Boundary conditions use the generic constructors directly — no aliases or trait definitions needed:

using WhatsThePoint
using RadialBasisFunctions
using Unitful: m, °, ustrip

# Manufactured solution and source term
u_exact(x) = sin(π * x[1]) * sin(π * x[2])
f_source(x, t) = -2π^2 * sin(π * x[1]) * sin(π * x[2])

# Geometry: unit square point cloud
part = PointBoundary(rectangle(1m, 1m)...)
split_surface!(part, 75°)
dx = 1/33 * m
cloud = discretize(part, ConstantSpacing(dx), alg=VanDerSandeFornberg())

# Model
model = PoissonModel(f_source)

# BCs: use generic constructors directly
bcs = Dict(
    :surface1 => PrescribedValue(0.0),
    :surface2 => PrescribedValue(0.0),
    :surface3 => PrescribedValue(0.0),
    :surface4 => PrescribedValue(0.0),
)

# Solve
domain = Domain(cloud, bcs, model)
sim = Simulation(domain)
run!(sim)

# Verify against exact solution
# For custom models, access the raw solution vector directly
u_numerical = sim._solution
pts = points(cloud)
u_exact_vals = [u_exact([ustrip(pt.x), ustrip(pt.y)]) for pt in pts]
error = maximum(abs.(u_numerical .- u_exact_vals))
println("Max error: $error")

With 33 points per side you should see a max error on the order of $10^{-4}$ or better.

Optional: Named BC Aliases

For readability, you can define named aliases that wrap the generic constructors:

PoissonValue(value) = PrescribedValue(value)
PoissonFlux(flux) = PrescribedFlux(flux)
PoissonZeroFlux() = ZeroFlux()

These are purely syntactic sugar — they construct the same generic types (PrescribedValue, PrescribedFlux, ZeroFlux) that power all built-in BCs.

Key Takeaways

  1. Any PDE works. Define an AbstractModel subtype and implement _num_vars and make_system. That's all Macchiato needs.

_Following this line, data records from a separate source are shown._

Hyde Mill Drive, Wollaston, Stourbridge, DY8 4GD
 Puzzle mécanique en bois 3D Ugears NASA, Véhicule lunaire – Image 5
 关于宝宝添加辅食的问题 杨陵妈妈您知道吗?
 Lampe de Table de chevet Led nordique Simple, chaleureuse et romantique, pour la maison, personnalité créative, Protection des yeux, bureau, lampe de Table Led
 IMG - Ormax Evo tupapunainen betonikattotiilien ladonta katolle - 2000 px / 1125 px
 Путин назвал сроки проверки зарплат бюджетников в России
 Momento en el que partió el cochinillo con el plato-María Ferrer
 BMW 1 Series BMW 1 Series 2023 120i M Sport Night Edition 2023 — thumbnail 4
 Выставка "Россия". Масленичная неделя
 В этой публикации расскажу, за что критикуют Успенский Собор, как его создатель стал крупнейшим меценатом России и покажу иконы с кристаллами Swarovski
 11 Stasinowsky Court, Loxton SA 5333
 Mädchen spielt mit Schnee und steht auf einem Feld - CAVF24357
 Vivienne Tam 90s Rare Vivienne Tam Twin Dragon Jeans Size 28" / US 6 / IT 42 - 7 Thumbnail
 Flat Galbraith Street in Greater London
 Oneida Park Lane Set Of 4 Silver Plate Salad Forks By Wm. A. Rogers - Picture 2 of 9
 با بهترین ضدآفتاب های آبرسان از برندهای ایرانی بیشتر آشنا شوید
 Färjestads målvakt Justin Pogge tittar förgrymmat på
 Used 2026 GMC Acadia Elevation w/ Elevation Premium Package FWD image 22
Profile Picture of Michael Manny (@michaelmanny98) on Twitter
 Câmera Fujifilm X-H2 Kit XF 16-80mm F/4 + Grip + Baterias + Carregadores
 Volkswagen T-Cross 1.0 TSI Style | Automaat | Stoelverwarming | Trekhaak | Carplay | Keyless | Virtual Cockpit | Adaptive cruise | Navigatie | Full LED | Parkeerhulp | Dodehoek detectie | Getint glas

  2. No boilerplate traits required. Generic BC types (PrescribedValue, PrescribedFlux, ZeroFlux) dispatch on the mathematical hierarchy (Dirichlet/Neumann/Robin), so they work with any model — no equation-type trait needed.

  3. Operators come from RadialBasisFunctions.jl. Use laplacian, partial, gradient, or build custom differential operators — they all return sparse weight matrices ready for assembly.

  4. Generic BC types work directly. PrescribedValue(value), PrescribedFlux(flux), and ZeroFlux() work out of the box for custom PDEs. Named aliases like Temperature are just convenience wrappers used by the built-in models.

  5. Transient support. For time-dependent PDEs, implement make_f(model, domain) instead of make_system to return an ODE right-hand side f(du, u, p, t). Macchiato integrates it with OrdinaryDiffEq.jl automatically. See the Package Design page for details on the transient path.